If I didn't know that young people aren't equipped to judge the merits of taking a job wrapped up in jingoistic propaganda that entails murdering fellow human beings I would not care much for veterans, but I mostly see veterans as victims of brainwashing and empire.
While tending bar I have frequently bought veterans a drink who seem caught up in their service. I try not to listen to the horrible shit they want to share with me, just like all the other horrible shit people want to tell their bartender. I guess it's because I feel sorry and guilty that they have had to go through what they have gone through. I can't say that I am "grateful for their service." I feel fucking terrible that they have done what they have done and experienced what they have experienced for what I see as no just reason at all.
You must not know many military people if you see them as victims of brainwashings.
-XC
Service outside of the war seems to be generally beneficial to most the people I have known who have served. Most veterans I have known who have served in combat (been shot at and/or shot back, not even the majority of those who serve in war time) generally seem to either be in worse shape for what they have gone through or just wish they had never had to gone through the horrors of war.
Maybe you think the past few american wars were glorious feats of national triumph, but personally I think they were wastes of good men and treasure (first Iraq War is an exception to this). I regret all the lives lost and ruined by these misadventures, I am not grateful that they served, I am sad for them. I have an uncle that blew his head off a few weeks after he got back from Vietnam, everyone really loved him, he was a man of remarkable talents who I never got to meet.

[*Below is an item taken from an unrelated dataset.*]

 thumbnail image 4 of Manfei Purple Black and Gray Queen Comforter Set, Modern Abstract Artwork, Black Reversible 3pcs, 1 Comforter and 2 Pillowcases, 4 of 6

The vast majority of homeless men I know of my fathers age are Vets. I don't think all of them would have ended up in the condition they are in if they hadn't chosen or been forced to serve. I have fed them from the backdoor of jobs, given them 5 or 10 dollars to help them get by when I could afford it. I don't do it because they "served" their country, I do it because they they are suffering.
All military members are brainwashed, they have to be to survive on the battlefield. Most people don't come out of the womb prepped to handle the stress of war effectively. Military psychologist don't hide the fact that the goal of training a soldier is to brainwash them so that they can safely and effectively do their jobs. I didn't say anything about brainwashing, but it just seemed that you didn't realize what it takes to make a soldier in your post.
- Ok, I think we can agree that, do to lack of news coverage, there probably was no regular, and likely no instances at all, of groups lining up and spitting at returning soldiers. However, we cannot discount the possibility, the likelihood, that individual acts of spitting did occur. Some of the accounts likely have been conflated...individuals relating bad treatment including spitting even though it didn't actual occur (when telling stories to relate a general principle, such as bad treatment of vets, individuals will often include as happening to them incidents they had heard from others). For example, I served in Desert Storm, returned to Germany afterwards and personally was not present at any parades or celebrations, but when talking about general treatment of troops it wouldn't be dishonest of me to say that "after Desert Storm we were greeted with parades" because such parades did occur and "we" meaning returning vets were greeted with them, even though I personally did not participate. So even a few isolated incidences could be honestly spread so that it appears to be more.
If such incidents were common police would have made a habit of being there to arrest and kick the shit out of anti-war protesters, the FBI would have made sure of it. We would have a nice public record of the assault charges against the anti-war demonstrators and this kind of thing would have gotten big media coverage.